| Your goal |
Please reproduce the data exactly and omit the pictures.

| Data block |
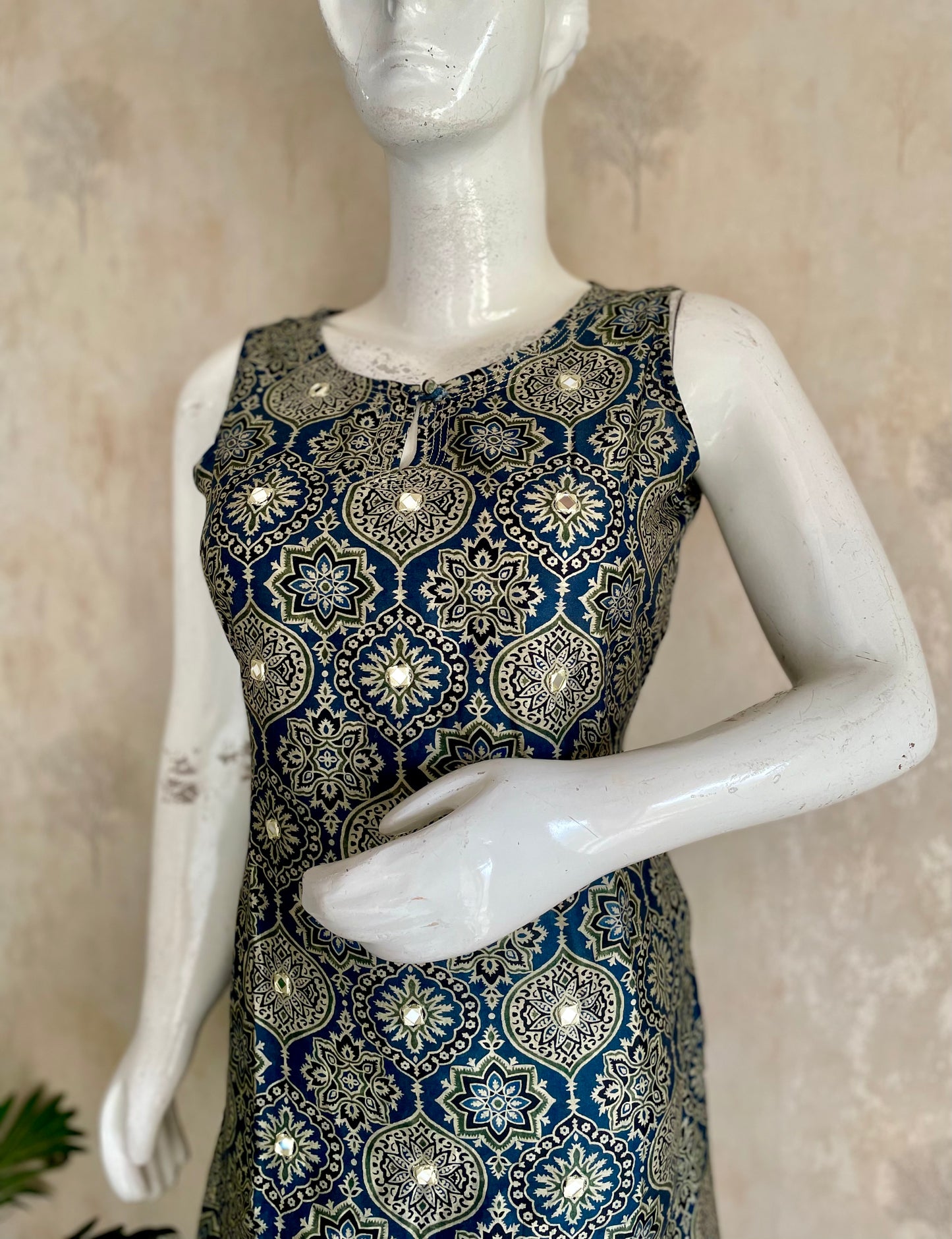 RaasRa Midnight Geometry — Blue Ajrakh Cotton Silk Kurta with Mirror Work — view 4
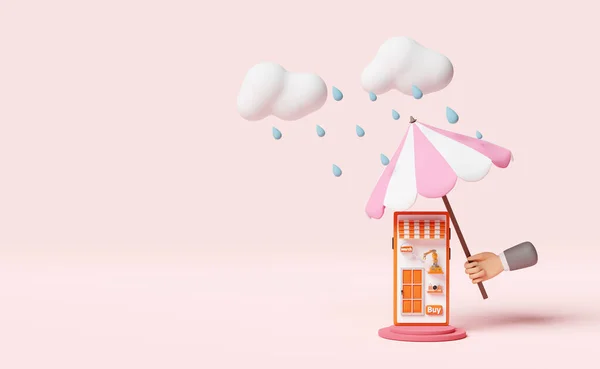 商人手拿着雨伞 手持手机 智能手机店面 粉色背景隔离 保护创业特许经营理念 3D插图或3D渲染 — 图库照片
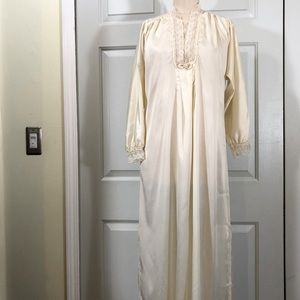 Vintage Christian Dior Saks 5th Avenue Lace Slits Nightgown Dress Beige
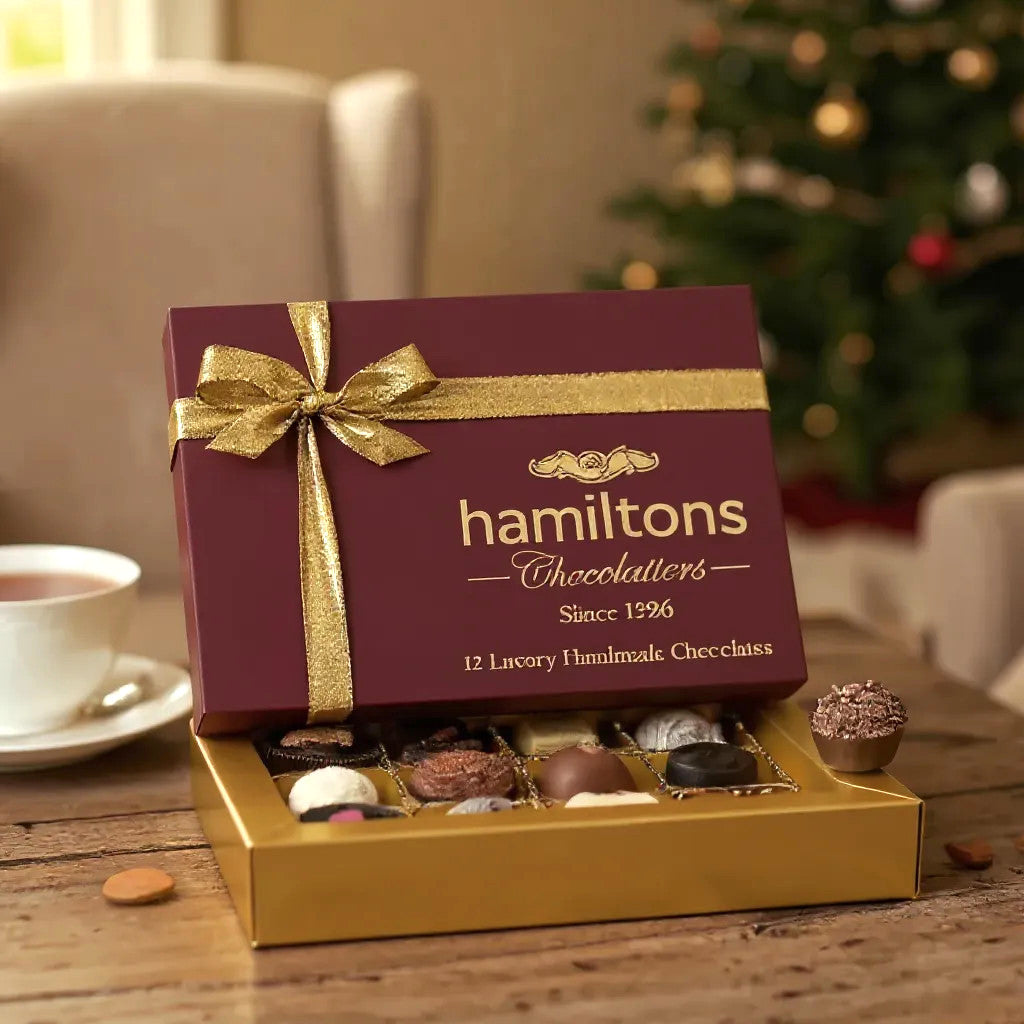 Premium Burgundy Christmas Gift Box Containing 12 Handmade Chocolates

| Response box |
 RaasRa Midnight Geometry — Blue Ajrakh Cotton Silk Kurta with Mirror Work — view 4
 商人手拿着雨伞 手持手机 智能手机店面 粉色背景隔离 保护创业特许经营理念 3D插图或3D渲染 — 图库照片
 Vintage Christian Dior Saks 5th Avenue Lace Slits Nightgown Dress Beige
 Premium Burgundy Christmas Gift Box Containing 12 Handmade Chocolates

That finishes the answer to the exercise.